14 May 2017, 4:41 pm

nurseangela wrote:
The_Face_of_Boo wrote:
In my dates, like today, when I am asked about my previous relationships (they ALWAYS ask about them and talk about theirs), I just mention my ....short-term ones (which are the only ones I had), and I just say because I was never into LTR before and I am more into flings, I make it sounds because I am too of a free bird and thing like.

But honestly, this is a little....white lie in order not to sound weak or desperate, my ugly reality is, I always wanted a relationship for life but I simply never had a LTR and only had those short fling things at times; and the reactions I got to this is....much much better than the reactions, questions (questioning my worth) and puzzling faces I got in the past when i said the truth; and i think at my age they would be even more puzzled and suspicious.

But there's a side effect to this: they would probably never see me as LT material; even if they agree to sleep with me; but saying the truth got me nowhere either way.

So yeah, a forever involuntary single man is always seen in a negative light.


That's probably why you're only attracting short relationships, anyone wanting a LTR is going to avoid you like the plague or once they find out you are like that (even though you're not supposedly) drop you like a hot potato. Quit with the head games. It's a major turn-off.


angela, you are disregarding the part that I was used to say this truth before open, even for a far longer time than hiding it behind short-terms: it never worked! and it was even a more turn-off than anything else and wouldn't hear from her again afterward (except one who wanted a virgin man, but this one was too religious for me).

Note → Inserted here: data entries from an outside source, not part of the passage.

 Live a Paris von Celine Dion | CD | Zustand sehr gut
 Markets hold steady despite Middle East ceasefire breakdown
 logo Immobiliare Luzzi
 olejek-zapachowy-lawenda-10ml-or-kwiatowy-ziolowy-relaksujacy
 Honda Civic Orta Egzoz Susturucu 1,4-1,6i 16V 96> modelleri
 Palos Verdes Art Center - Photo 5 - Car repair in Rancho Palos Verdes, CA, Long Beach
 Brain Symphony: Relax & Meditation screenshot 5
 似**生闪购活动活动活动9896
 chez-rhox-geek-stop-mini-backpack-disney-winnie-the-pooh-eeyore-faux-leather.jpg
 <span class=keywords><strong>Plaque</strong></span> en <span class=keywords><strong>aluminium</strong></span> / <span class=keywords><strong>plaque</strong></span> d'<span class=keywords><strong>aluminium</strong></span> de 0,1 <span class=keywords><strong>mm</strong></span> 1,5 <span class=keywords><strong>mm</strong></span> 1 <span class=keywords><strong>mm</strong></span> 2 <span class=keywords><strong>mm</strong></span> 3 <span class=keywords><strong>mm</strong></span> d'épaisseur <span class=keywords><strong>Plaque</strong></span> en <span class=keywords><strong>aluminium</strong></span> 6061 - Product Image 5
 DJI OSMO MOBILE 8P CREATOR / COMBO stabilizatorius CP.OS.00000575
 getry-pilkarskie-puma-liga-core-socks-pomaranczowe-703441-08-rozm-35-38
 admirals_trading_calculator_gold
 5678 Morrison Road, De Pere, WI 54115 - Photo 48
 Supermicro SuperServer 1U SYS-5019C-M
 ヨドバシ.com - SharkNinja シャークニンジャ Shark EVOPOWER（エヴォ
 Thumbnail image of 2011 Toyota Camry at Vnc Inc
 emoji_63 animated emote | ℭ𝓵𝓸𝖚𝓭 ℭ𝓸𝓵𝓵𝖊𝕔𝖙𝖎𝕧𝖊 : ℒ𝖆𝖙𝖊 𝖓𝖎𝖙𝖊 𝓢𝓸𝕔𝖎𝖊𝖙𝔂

Typically when a woman has LT experiences before- she wouldn't want to be with a man involuntary with zero experience in it. And no, it's not about the sexual aspect of it - but because they think there's something seriously wrong in an adult man who's involuntary single till this age.



886
Veteran
Veteran

User avatar

Joined: 15 Jan 2008
Gender: Male
Posts: 6,663
Location: SLC, Utah

14 May 2017, 4:46 pm

i'll try to reply, i'm 27 and i'm like you, i don't have successful relationships

my personal problem is i put too much expectation into these things. i over think, i stress too much. i can't just relax and enjoy getting to know the girl. i over think even the smallest things like when it's okay to hold her hand, or if i should hug her. i over think what every little message really means, why it takes so long to get them. personally, i think what i need to do going forward is when i meet someone, just enjoy the experience. i don't have to jump into a relationship, i don't have to focus on when sex will start. the last girl and i took no more than 7 days to jump into those things, and the relationship ended just as fast as it started. i also need to learn to just be more comfortable and confident. who cares if the date wasn't as fun as i hoped? who cares if it doesn't go anywhere? looking back, i was too afraid to do a lot of things, worried about negative reactions i might get from past failed relationships. it shouldn't of mattered.

you can be frustrated, horny, depressed and have no confidence all you want, just don't show it. don't tell the girl, it's a massive turn off. just get to know her and focus on having a good time and getting to know her. that's all that should matter, if you do those things, and you learn to be comfortable, the rest will fall into place.


_________________
If Jesus died for my sins, then I should sin as much as possible, so he didn't die for nothing.